» SUPPLIED INFORMATION:
^^^^^^^^
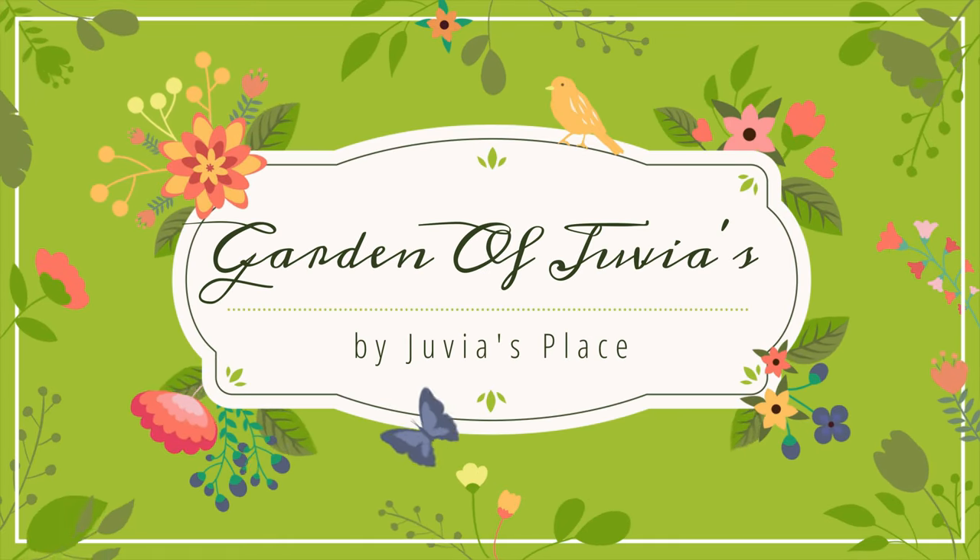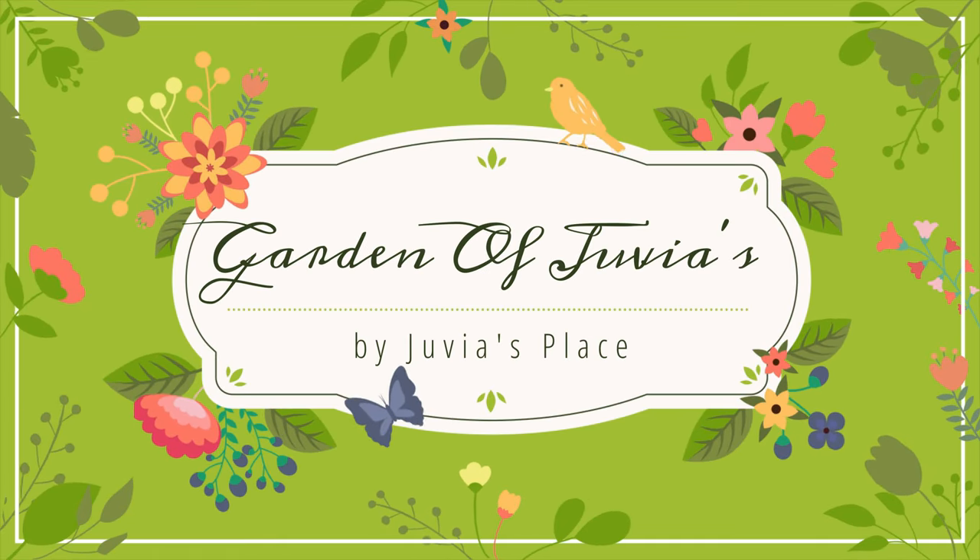Hi, it's Adrienne. How are you doing today? I'm back with one of my favoritest ever summer palettes.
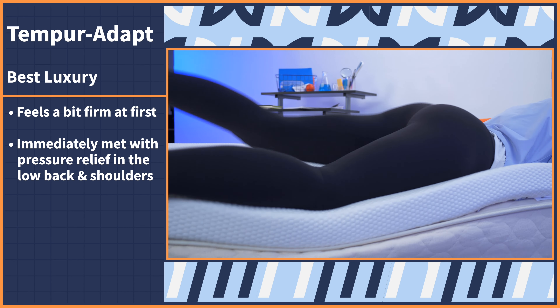This topper ships for free and comes with a ten year warranty. Be aware that Tempur-Pedic does not offer returns on their sleep products, so it is a commitment once you buy. However, we do think that you'll love it, and they even have a cooling option that you can upgrade to.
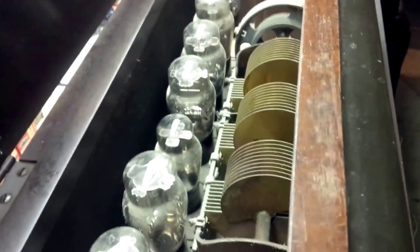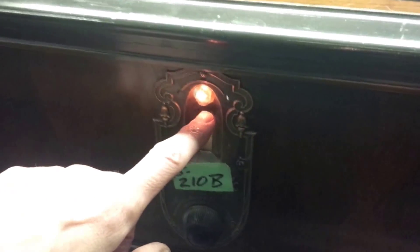Here's a real nice piece of history. Big gain tuning, big whack of tubes, some big transformers, a little dial light, and then this cathedral style speaker.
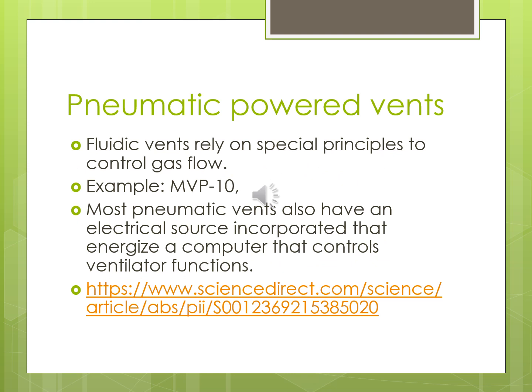Fluidic ventilators rely on special principles to control gas flow — specifically the Coanda effect, which we'll cover shortly. Examples include the MVP10. They also have an electrical source to energize the computer that controls ventilator functions. There's an interesting study from 1974 — 'Evaluation of a Fluidic Ventilator: A New Approach to Mechanical Ventilation' — that gives good insight into what they were thinking back then compared to where we are now.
^^^^^^^^
» TASK OBJECTIVE: Omit the pictures and reproduce the remaining material above exactly.

» RESULT:
Hi, it's Adrienne. How are you doing today? I'm back with one of my favoritest ever summer palettes.
This topper ships for free and comes with a ten year warranty. Be aware that Tempur-Pedic does not offer returns on their sleep products, so it is a commitment once you buy. However, we do think that you'll love it, and they even have a cooling option that you can upgrade to.
Here's a real nice piece of history. Big gain tuning, big whack of tubes, some big transformers, a little dial light, and then this cathedral style speaker.
Fluidic ventilators rely on special principles to control gas flow — specifically the Coanda effect, which we'll cover shortly. Examples include the MVP10. They also have an electrical source to energize the computer that controls ventilator functions. There's an interesting study from 1974 — 'Evaluation of a Fluidic Ventilator: A New Approach to Mechanical Ventilation' — that gives good insight into what they were thinking back then compared to where we are now.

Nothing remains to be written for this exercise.